Police welcome today's ban of two chemicals found in K2, allowing them to be vigilant in enforcing the law to reduce the product's harmful effects on the community.
Deputy Commissioner Mike Bush said Police welcome the strong stance taken by Associate Minister of Health Peter Dunne and Government, which will strengthen the ability of Police and other agencies concerned about the harm caused by synthetic cannabinoids.
"There is significant community concern over the impact the current products on the market are having throughout the country, particularly on vulnerable young people, and this ban is a positive step," he said.

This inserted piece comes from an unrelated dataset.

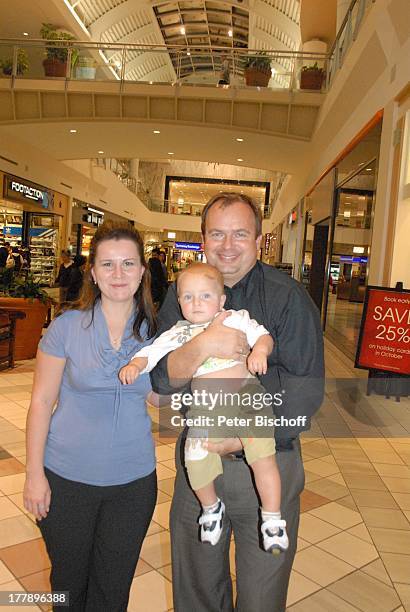 Alexander Nefedov-Skovitan , Ehefrau Anna Roche, Sohn George , Einkaufszentrum, Plymouth , Massachussetts, Nordamerika, USA, Amerika, Shoppingcenter,...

"Aside from the potentially serious health effects such as increased heart-rate and seizures, Police are finding K2 and similar substances are becoming an increasingly concerning factor in a number of crimes, including violent offending. This is being driven by people either committing crime to get their hands on these drugs, or committing crimes while on them."
He said seven recent aggravated robberies had been committed by offenders demanding synthetic cannabis products, with the weapons used ranging from knives to firearms.
Synthetic cannabis is seen as the motivating factor in the case of a 17-year-old Dunedin youth, who recently appeared in court on representative charges following a crime spree that involved breaking into 27 different vehicles in early 2012. Recently, two North Island children, aged 9 and 10, were admitted to hospital after being found vomiting and unresponsive. Police inquiries established they appeared to have been given K2 by a group of older boys.
The two new banned substances in K2 increase the number of prohibited chemicals to 35.